## Task requirements
An exact copy of the records below is required, and it must contain no pictures.

## Supplied data
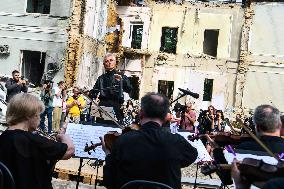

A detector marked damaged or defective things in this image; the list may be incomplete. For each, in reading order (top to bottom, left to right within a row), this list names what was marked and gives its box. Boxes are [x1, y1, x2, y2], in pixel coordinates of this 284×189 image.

broken window [21, 49, 45, 86]
damaged facade [0, 0, 72, 84]
broken window [160, 27, 178, 53]
damaged facade [116, 0, 284, 112]
broken window [202, 29, 220, 57]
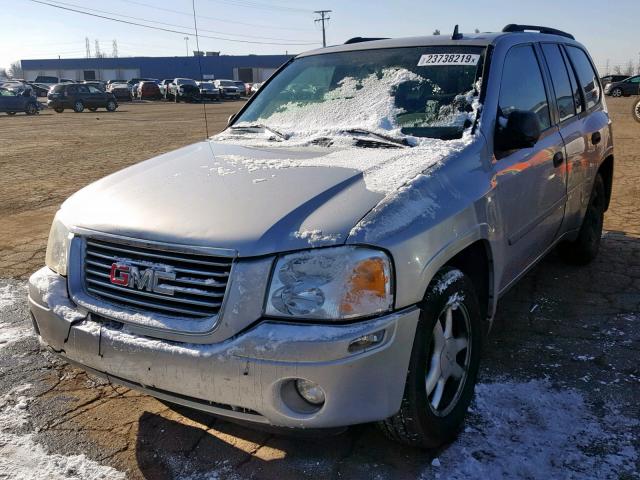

## Exercise output
A detector marked damaged or defective things in this image; the list may be incomplete. For each, in reading order (top to bottom, left to right within a row), this list names what was marked and gives its box. Boxes are [x1, y1, x2, y2], in pixel coordinates of this 284×189 image.

broken window [21, 49, 45, 86]
damaged facade [0, 0, 72, 84]
broken window [160, 27, 178, 53]
damaged facade [116, 0, 284, 112]
broken window [202, 29, 220, 57]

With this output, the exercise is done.